= Series fiction =

Collection of related stories featuring similar narrative elements

Series fiction refers to a group of independently published works of fiction that are related to one another, usually through similar elements of setting and characters. A common example of series fiction is a book series. Series fiction spans a wide range of genres, and is particularly common in adventure, mystery, romance, fantasy, and science fiction. While commonly associated with children's and young adult literature, series fiction has also been a significant feature of mainstream and genre fiction for adults. Early examples include James Fenimore Cooper's Leatherstocking Tales (1823) and Honoré de Balzac's La Comédie humaine (1829).

Typically authored by a single writer, some series are collaborative efforts driven by publishers, as seen in The Hardy Boys or Sweet Valley High. Series fiction can be classified into progressive series, where characters grow and narratives are chronological, or successive series, which consist of self-contained stories that can be read in any order. The popularity of series fiction has grown with the commercialization of publishing, the rise of fan communities, and the expansion into multimedia franchises. Series fiction has been criticized for its formulaic plots and perceived lack of literary value, particularly in series aimed at younger and female audiences.

== History ==
Stories that share certain elements, like characters, have a long tradition. For example, William Shakespeare reused the character of John Falstaff in several of his plays. Victor Watson attributes the origin of series fiction to the United States. One of the earliest series fiction, and according to Watson the first American one, was the Leatherstocking Tales series by James Fenimore Cooper, which began in 1823 with The Pioneers. Some of these first appeared in the form of dime novels, and many were aimed at less demanding readers, including youths. Outside the United States, Watson names Margaret Sidney's Five Little Peppers series (debuting in 1881 with Five Little Peppers and How They Grew), which he considers the first series fiction in Australia and E. Nesbit's Bastable series (debuting in 1899 with The Story of the Treasure Seekers), which he called the first in Britain. In India, he pointed to Satyajit Ray's Feluda detective series that began in 1961.

However, Peggy Lin Duthie identified much earlier examples of series fiction in Britain, predating the American series claimed by Watson to be the earliest. She considers the earliest example to be Sir Walter Scott's Waverly Novels, which begun in 1814 with Waverley. Before E. Nesbit, she also identifies other British authors of series fiction, such as Anthony Trollope with his Chronicles of Barsetshire (which started in 1855 with The Warden), and Margaret Oliphant's The Chronicles of Carlingford (begun in 1861 with "The Executor", a short story, and a novel, The Rector)

As for non-English language examples, Watson mentioned German writer Erich Kästner with his Emil and the Detectives series (1929), and French writer Paul Berna with his A Hundred Million Francs (1955). Duthie again identified an earlier French example, the mainstream series of Honoré de Balzac, La Comédie humaine, that debuted in 1829.

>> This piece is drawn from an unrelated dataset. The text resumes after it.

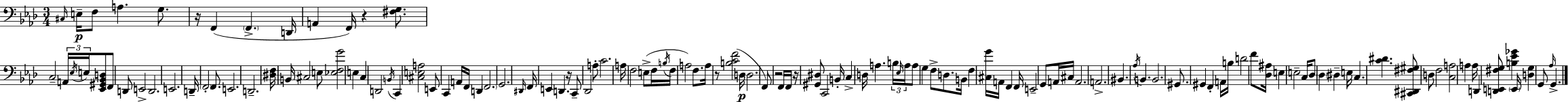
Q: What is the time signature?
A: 3/4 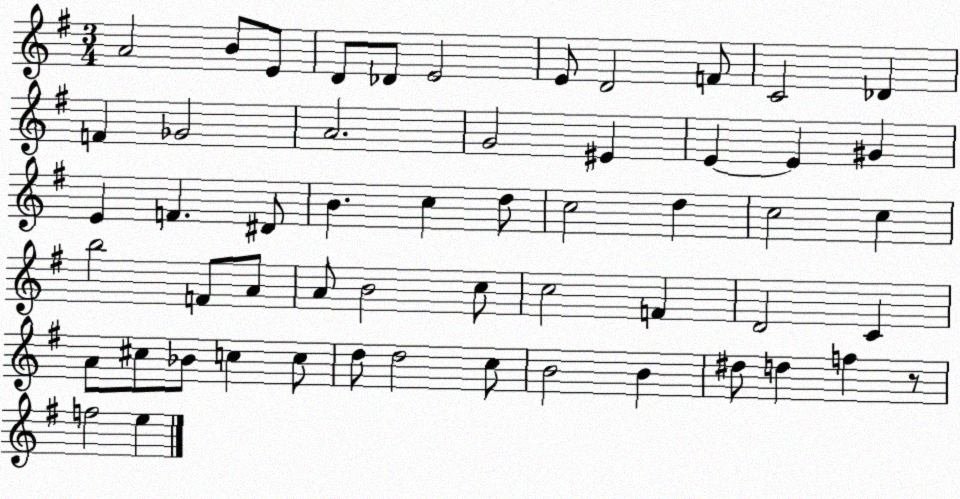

In the interwar period, series fiction expanded from literature (novels) to other mediums, notably comics and films. During that time, Edward Stratemeyer's Tom Swift series was extremely popular among young readers in the United States. The postwar period saw the emergence of a female protagonist in series fiction. The use of female protagonists during this period is often criticized for being one-dimensional, with a focus solely on beauty. The popularity of series fiction increased during the internet era, from the late 1990s onward.

== Characteristics ==
Victor Watson defined series fiction broadly as "a sequence of related stories about the same groups of characters, usually by the same author", as well as "a series of narratives, published separately, often over a considerable period of time, mostly about the same characters, and usually written by one author". He notes that its key characteristics that distinguish it from other types of fiction is its "extended overall length and its composition in separate narratives". Watson although noted that there are notable exceptions to his definition. While the unifying feature for most series are characters, for some, that can be a concept, a place or an institution. For example, the Greyfriars School series by Charles Hamilton, the Chalet School series by Elinor Brent-Dyer or the Green Knowe series by Lucy Boston feature changing characters, and are connected through a particular place; while Lucy Fitch Perkins's Twins series had a theme of featuring twins, with characters, countries and historical periods varying between the installments. Likewise, while many series are primarily written by a single author, there are some notable series written by various writers (such as the Twins series, The Hardy Boys series, the Bobbsey Twins series, the Sweet Valley High or the Animal Ark series). Watson classifies them as "publisher's format series".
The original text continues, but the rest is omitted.